The supercomputer Fugaku will consist of 10 million compute nodes, each of which has a so-called manycore CPU in which many CPU cores are integrated. In the Post-K (Fugaku) development project, several challenging issues are tackled in order to provide an efficient execution environment by the system software. Three of them are introduced as follows.
Issues on managing manycore CPU
The execution time of an application depends on how CPU cores and memory are allocated to both the application and system software, and it also depends on what kind of services, provided by the system software, are requested by the application. We are developing new system software that provides the best execution environment for an application with selecting system software services. The application program, running on the Linux system software, may run without any modifications.

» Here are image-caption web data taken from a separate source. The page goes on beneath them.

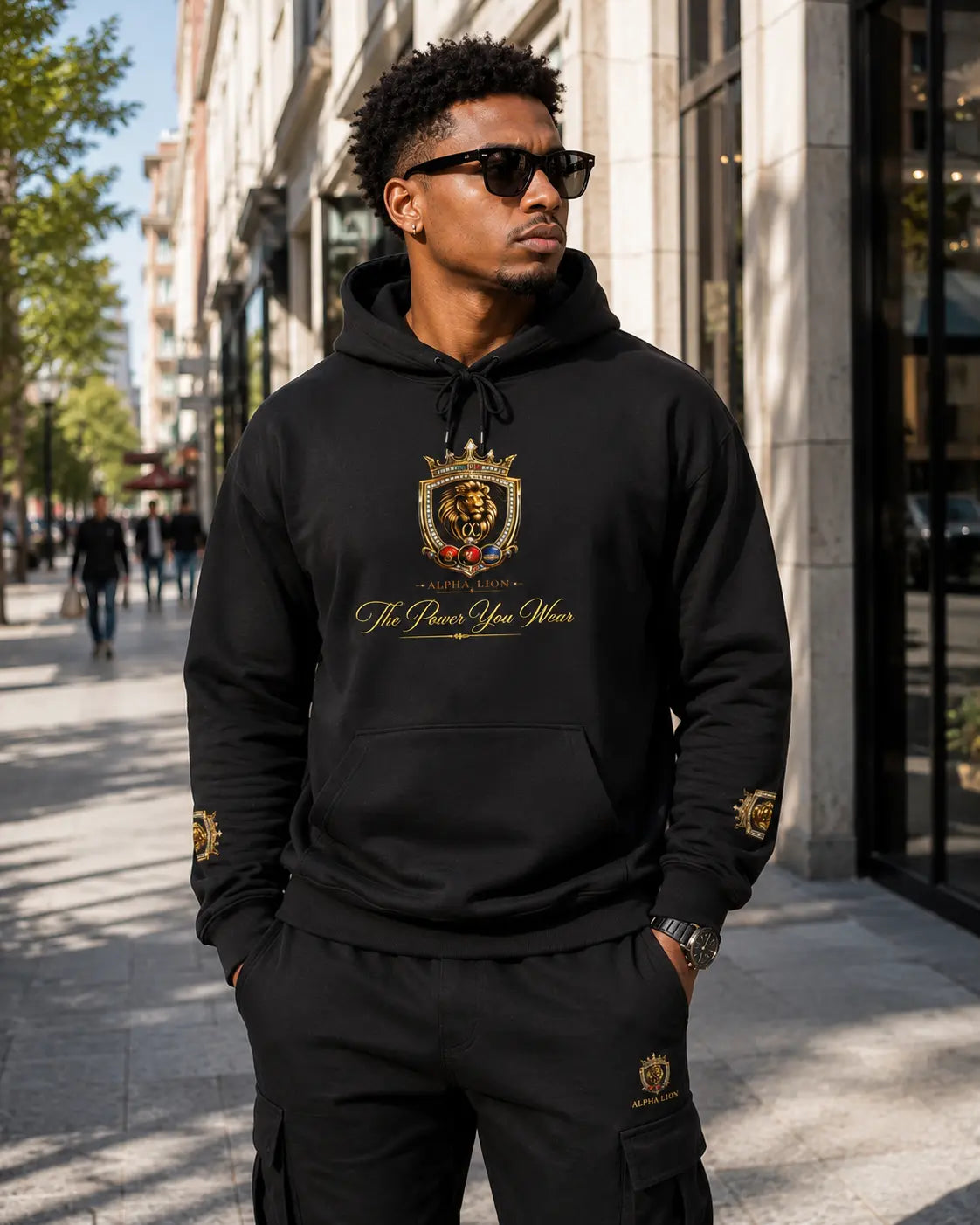 Alpha king hoodie João de Matos Printify
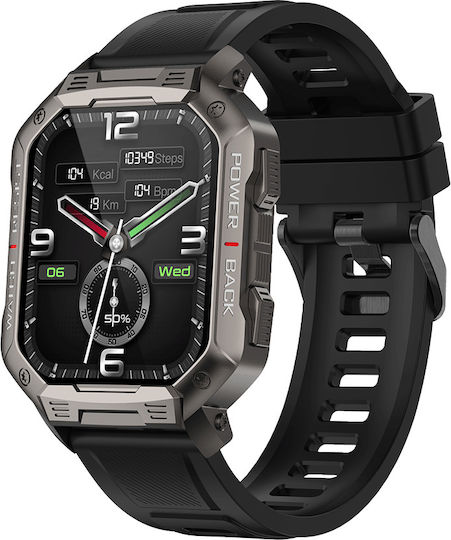 DAS.4 SG35 Smartwatch with Heart Rate Monitor (Black)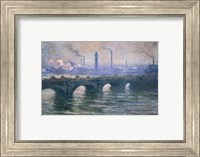 Waterloo Bridge, Cloudy Day, 1900 Fine Art Print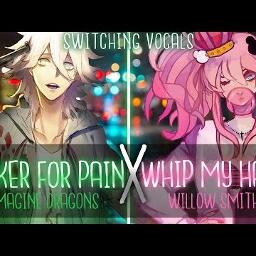 Nightcore Sucker For Pain X Whip My Hair Lyrics And Music By Lil Wayne Wiz Khalifa Imagine Dragons Willow Smith Arranged By Mysteryglory - id for roblox songs sucker for pain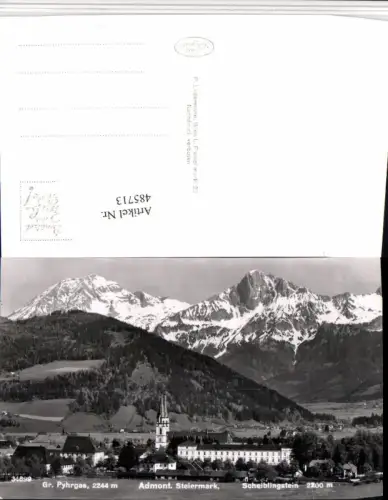 485713,Admont Teilansicht m. Scheiblingstein Bergkulisse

Issues on communication latency
It is expected that communication latency will not be drastically improved unlike performance improvement of a compute node. Thus, communication latency will become dominant in the total execution time of an application. We are designing new communication software in cooperation with application developers to reduce the latency.
Issues on big data movement
In many traditional huge supercomputers, such as K computer, a data set used in an application is transferred from the global storage to the local storage, and from the local storage to compute nodes. After finishing the application execution, the result data set is transferred from compute nodes to the global storage via the local storage. To reduce the data transfer time in such a system, high performance network is needed, but it is expensive and requires much electricity. We are designing new system software to allocate the data set for an application in a right place and to reduce the data transfer time without extra network hardware resources.